Flu vaccines will be key this year, she said.

“So we really need to see flu vaccination uptake increased across the northern hemisphere this year, especially this year,” she said. “Because we have a tool against flu, we don’t yet have that for Covid, but we have it for flu. And that will help, and it will particularly help vulnerable populations.” 

8:55 a.m. ET, September 18, 2020

Weekly Covid-19 cases in Europe are spiking.
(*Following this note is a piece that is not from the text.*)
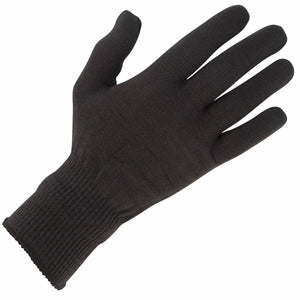 A single black thermal inner motorcycle glove with visible branded logo on the wrist area.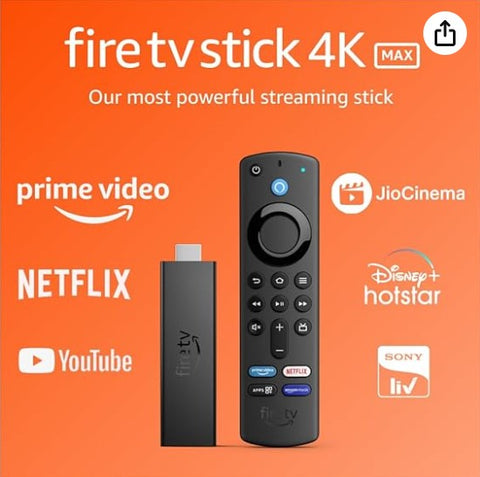 CAST AMAZON FIRE TV STICK 4K MAX HDR WIFI6 ALEXA VOICE REMOTE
Here's the latest on the pandemic from the continent.

People walk in downtown Madrid on September 17.
People walk in downtown Madrid on September 17. Bernat Armangue/AP

The World Health Organization yesterday warned that coronavirus cases are surging alarmingly in Europe, as a "very serious situation" unfolds across the continent.

Weekly cases are now more than those reported at the peak of the pandemic in Europe, WHO said.

With cases spiking around Europe, some areas are implementing new restrictions to fight the pandemic. Here's what you need to know about this morning about in coronavirus in Europe:

  • New restrictions in parts of the UK: The British government has announced further restrictions for certain parts of England, including the North West, West Yorkshire and Midlands to tackle rising Covid-19 infection rates. Residents from these areas will be banned from socialising with people outside of their household and support bubble.
  • French city limits gatherings: Local authorities in Nice have banned public gatherings of more than 10 people on beaches and in parks, as part of new measures to fight the spread of coronavirus. All bars and restaurants will have to close their doors at 12.30 a.m. local time and all visits in Nice’s public care homes have been suspended.
  • Record numbers in the Netherlands: For the fourth-straight day in a row, the Netherlands has reported record new coronavirus infections. New reported infections in the past 24 hours total at least 1,977, according to the National Institute for Public Health and the Environment (RIVM). The "first wave" record for single-day reported infections was 1,335, set on April 10.
  • The situation in Spain: Authorities in the Spanish capital of Madrid are to announce new coronavirus restrictions on Friday as the country also responds to an uptick in the number of cases. Spain has now recorded more than 30,000 deaths since the start of the outbreak, with more than 600,000 total cases.
  • Vaccine deal: The European Union has signed a contract to purchase 300 million doses of the potential Covid-19 vaccine being developed by Sanofi-GSK, the European Commission announced in a statement on Friday.